RECORDS Block Start

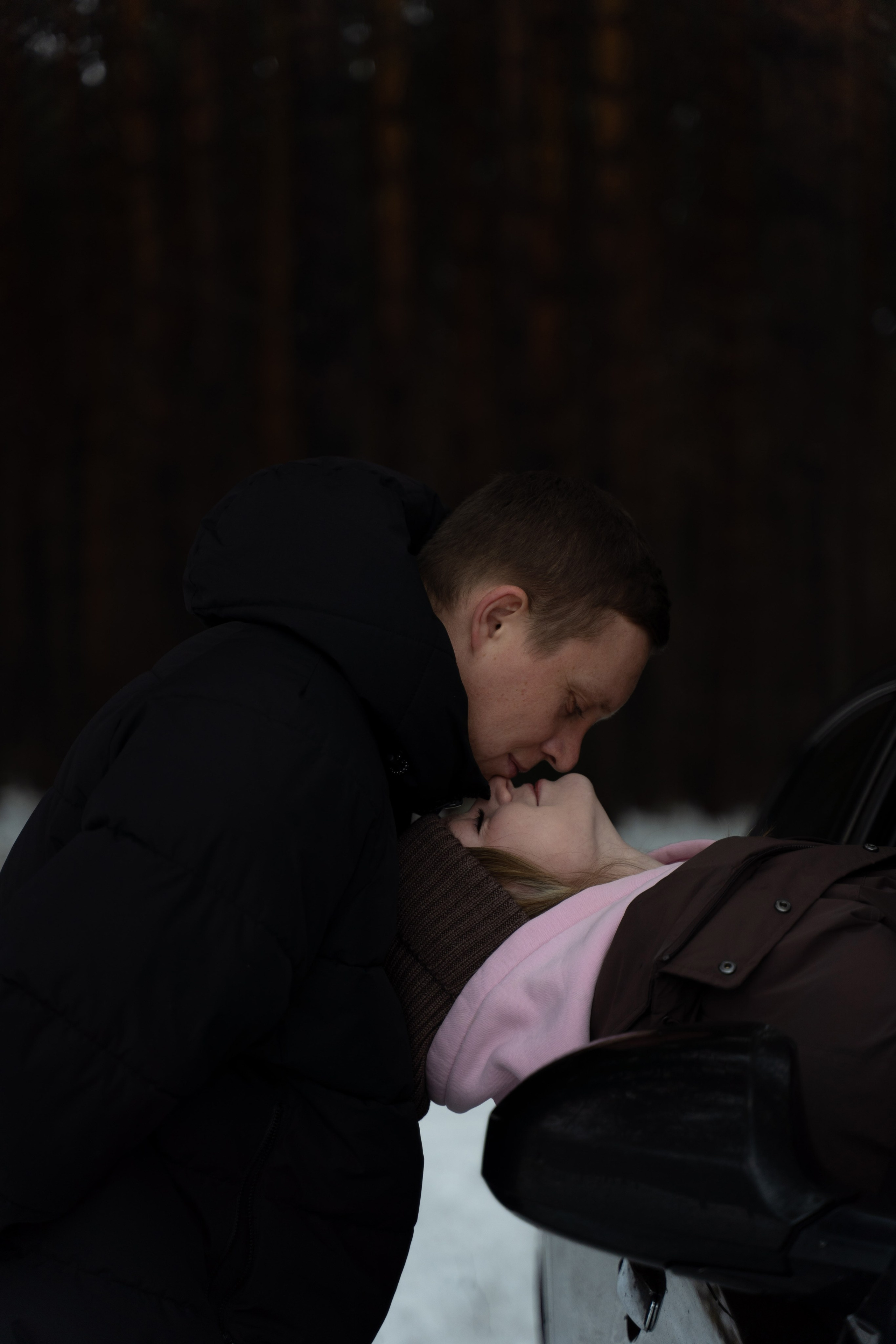 Lovestory. Портретный и семейный фотограф в Новосибирской области. Работаю за улыбки клиентов :)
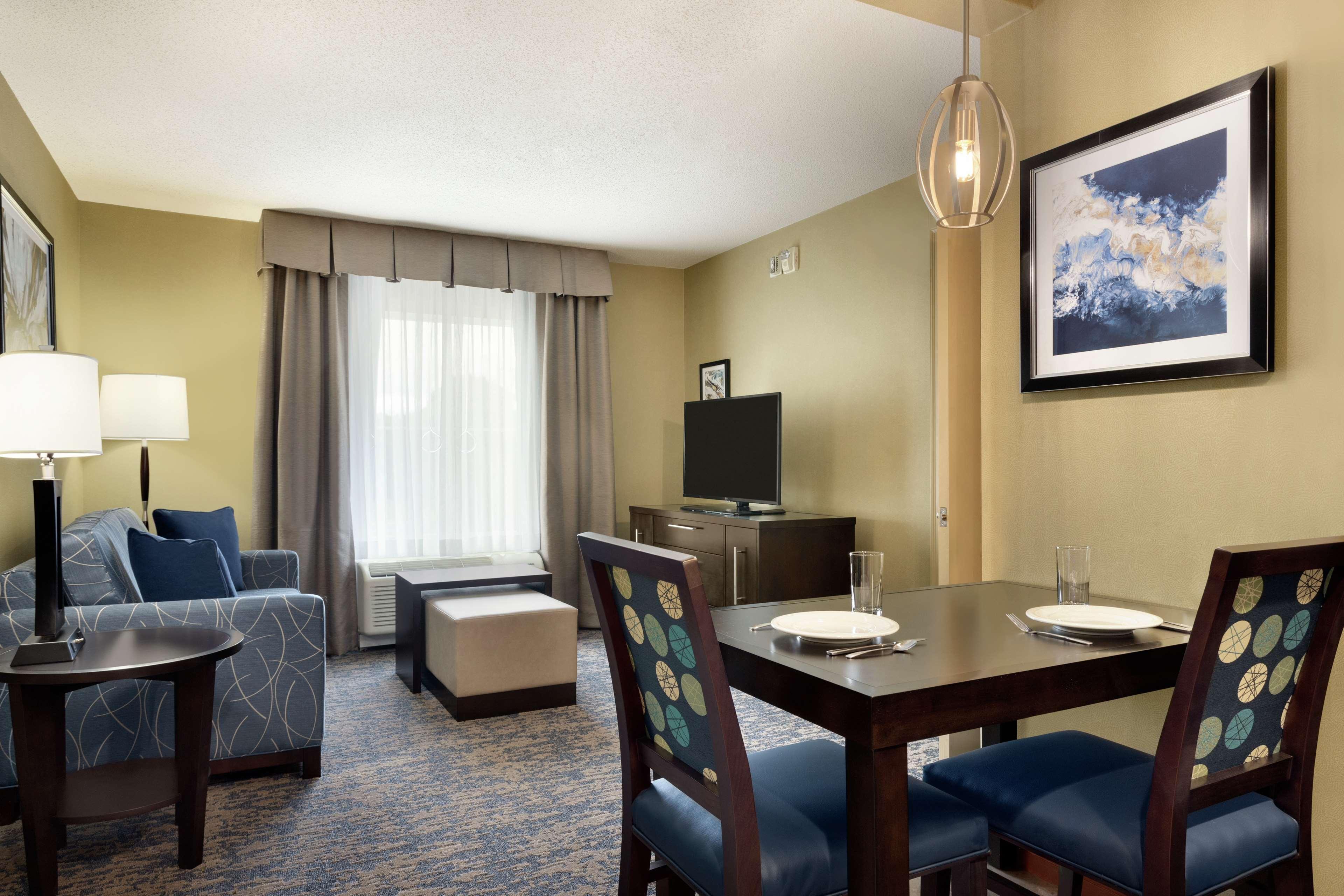 Homewood Suites By Hilton Fort Smith Massard Exterior photo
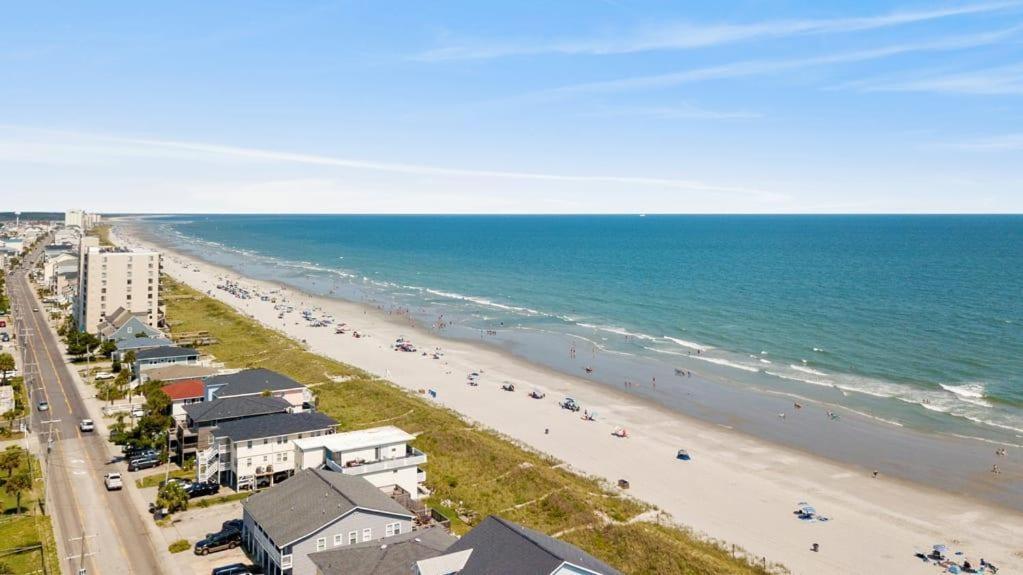Perfect Location 1Br Pool Parking Outside Area 8 Leilighet Myrtle Beach Eksteriør bilde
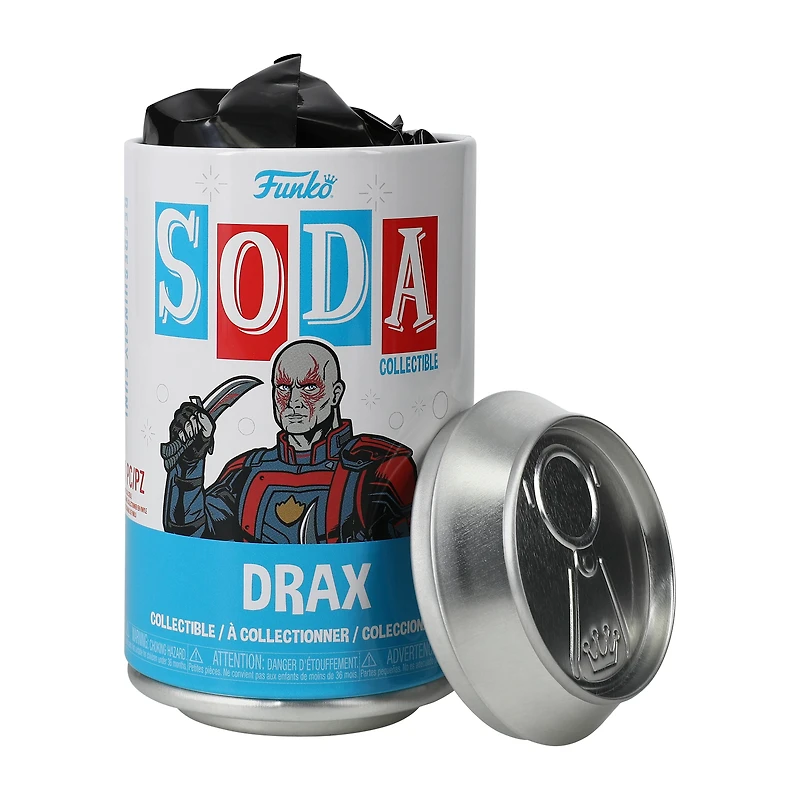 Funko Soda Guardians Of The Galaxy Collectible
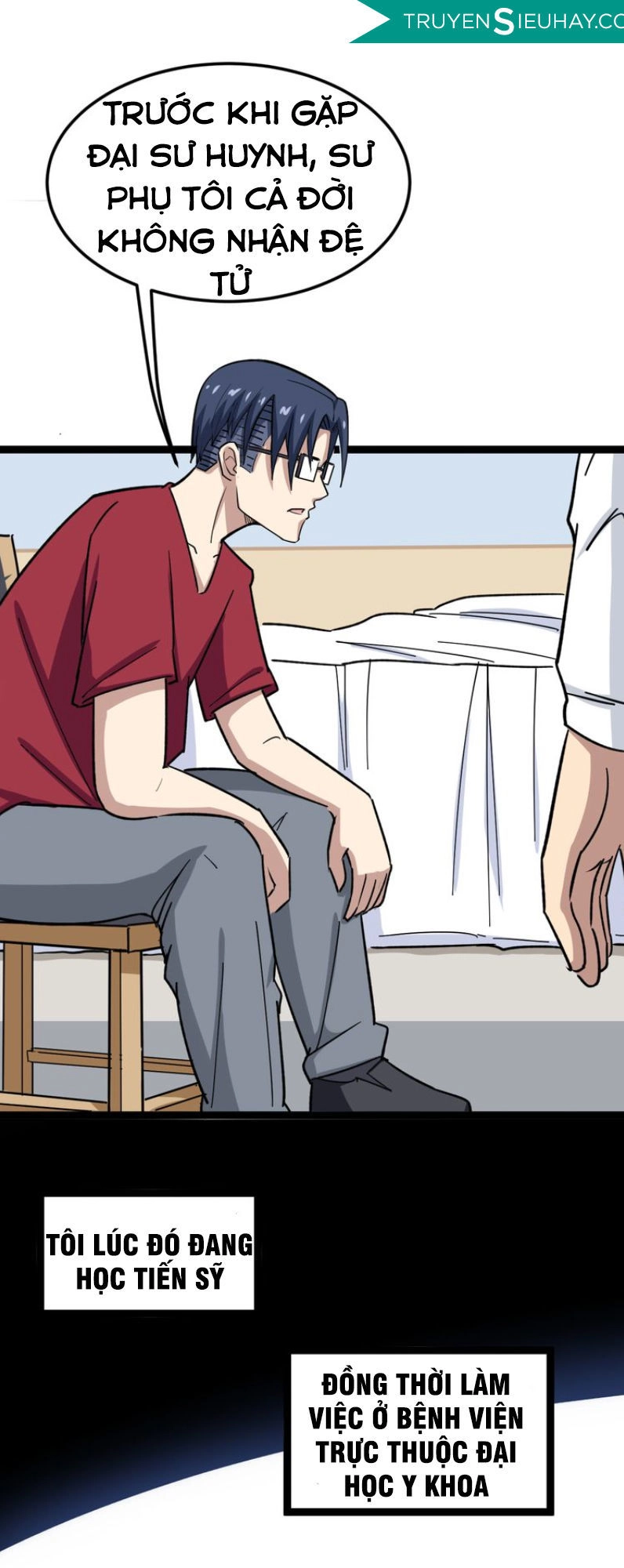 Độc Thủ Vu Y Chapter 8 - 30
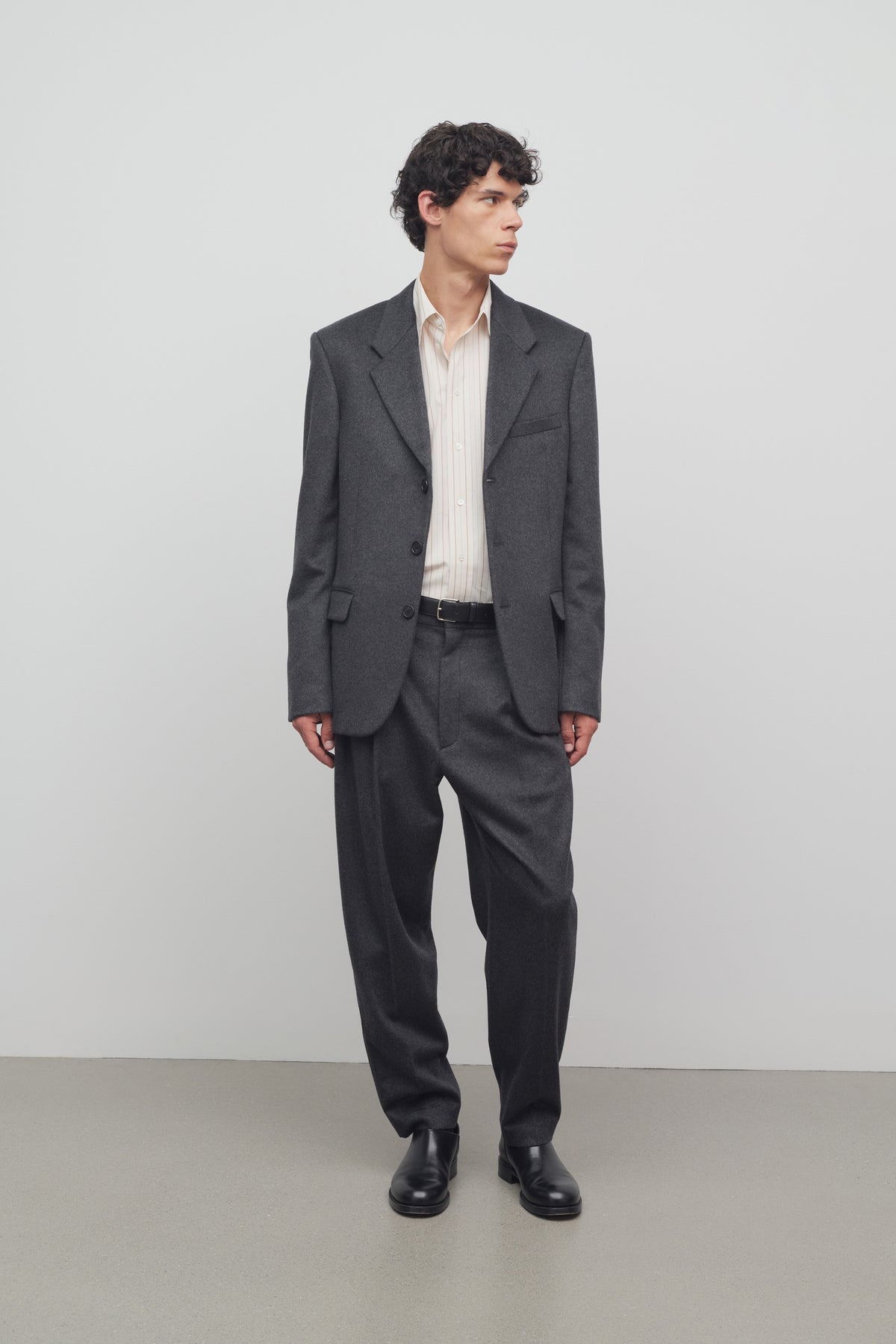 Richler Pant in Cashmere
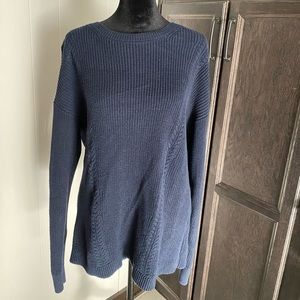 Banana Republic navy sweater size M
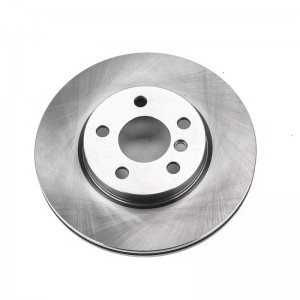Mini Cooper Brake Rotor(1) - Front - PowerStop - AutoSpecialty - 2014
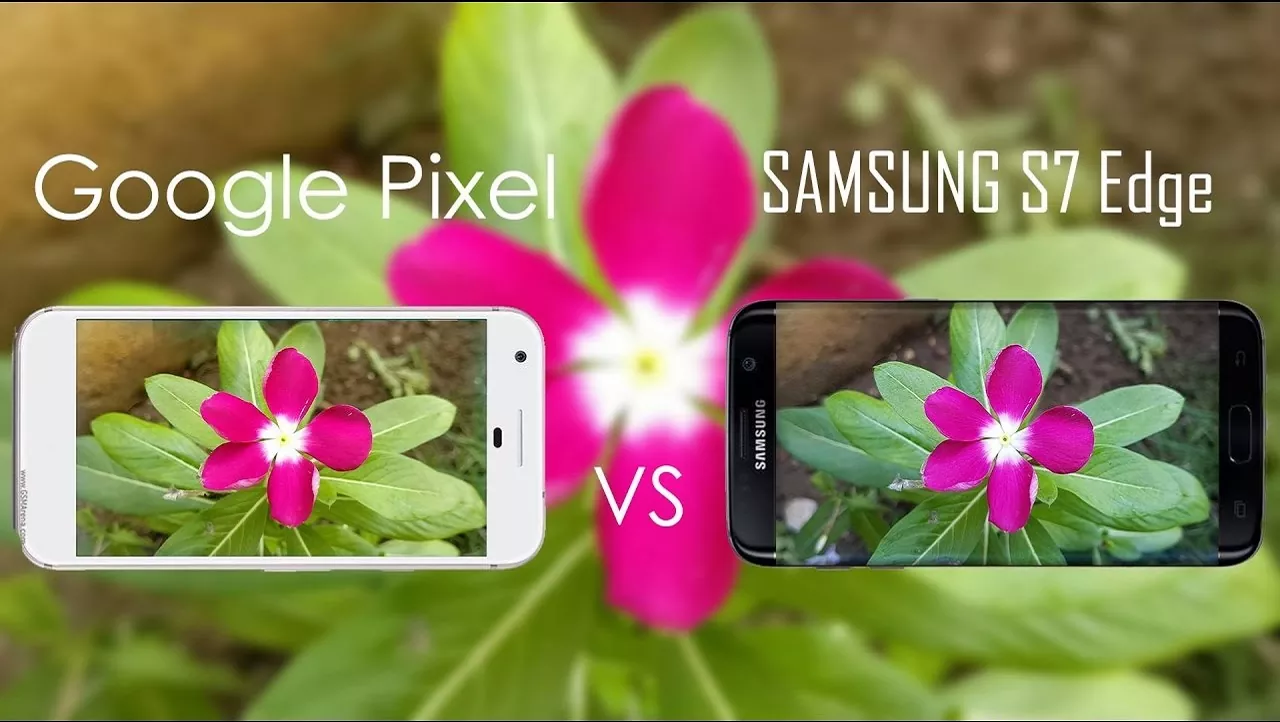 Google Camera Photos Comparision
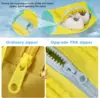 Washing Shoes Bag Padded Net Laundry Shoes Protector Fluffy fibers Polyester Sneaker Washing Friendly Laundry Bag Drying Bags 5
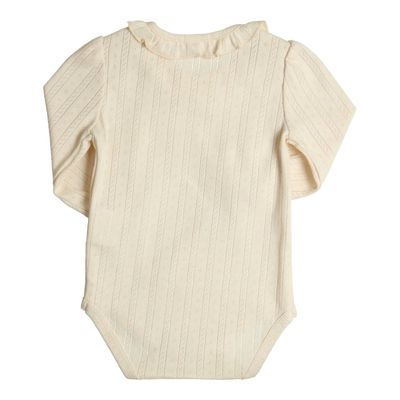 Gymp Romper Odette Ecru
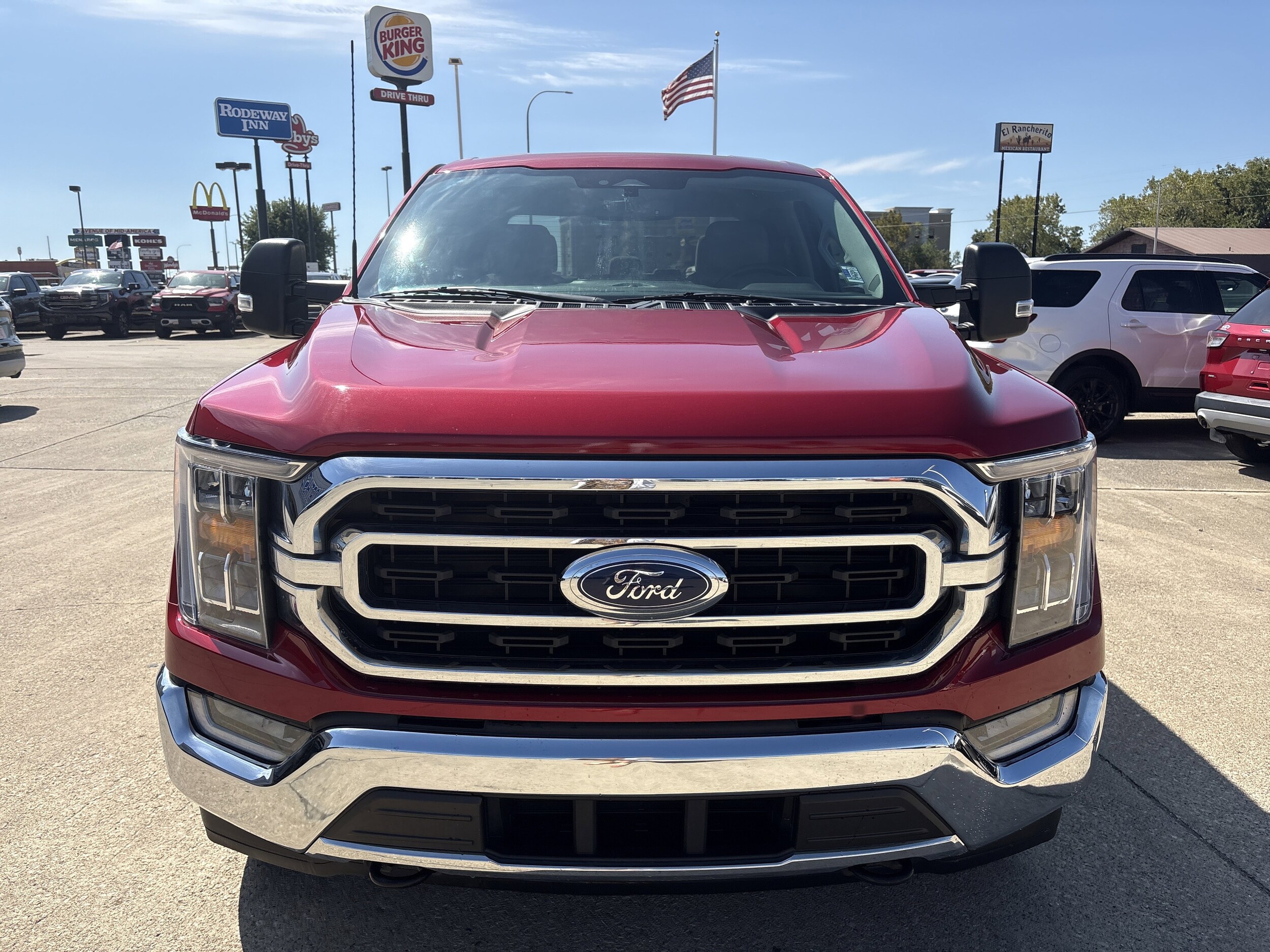 2022 Ford F-150 photo 2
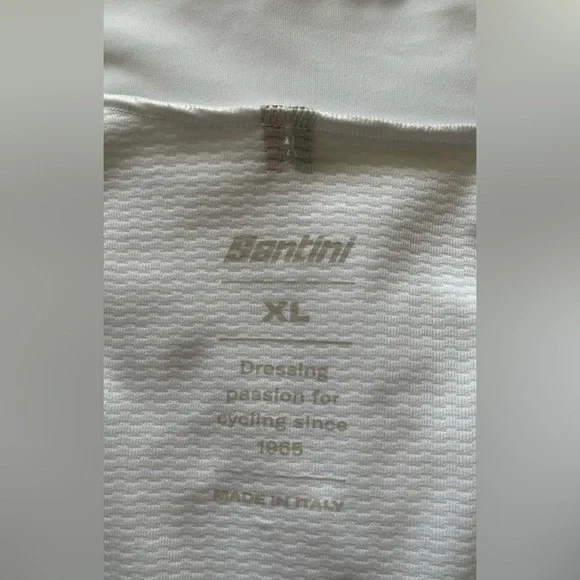 🚴‍♂️ Santini x Trek Travel Men’s Cycling Jersey–Pro-Quality, NWOT! (XL) - Picture 2 of 16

RECORDS Block End

__EXERCISE GOAL__: "Funko Soda Guardians" marks the first line to copy, and "2022 Ford F-150 photo 2" marks the last. Repeat that stretch above exactly, with no pictures.

__OUTPUT FOR THIS EXERCISE__:
 Funko Soda Guardians Of The Galaxy Collectible
 Độc Thủ Vu Y Chapter 8 - 30
 Richler Pant in Cashmere
 Banana Republic navy sweater size M
Mini Cooper Brake Rotor(1) - Front - PowerStop - AutoSpecialty - 2014
 Google Camera Photos Comparision
 Washing Shoes Bag Padded Net Laundry Shoes Protector Fluffy fibers Polyester Sneaker Washing Friendly Laundry Bag Drying Bags 5
 Gymp Romper Odette Ecru
 2022 Ford F-150 photo 2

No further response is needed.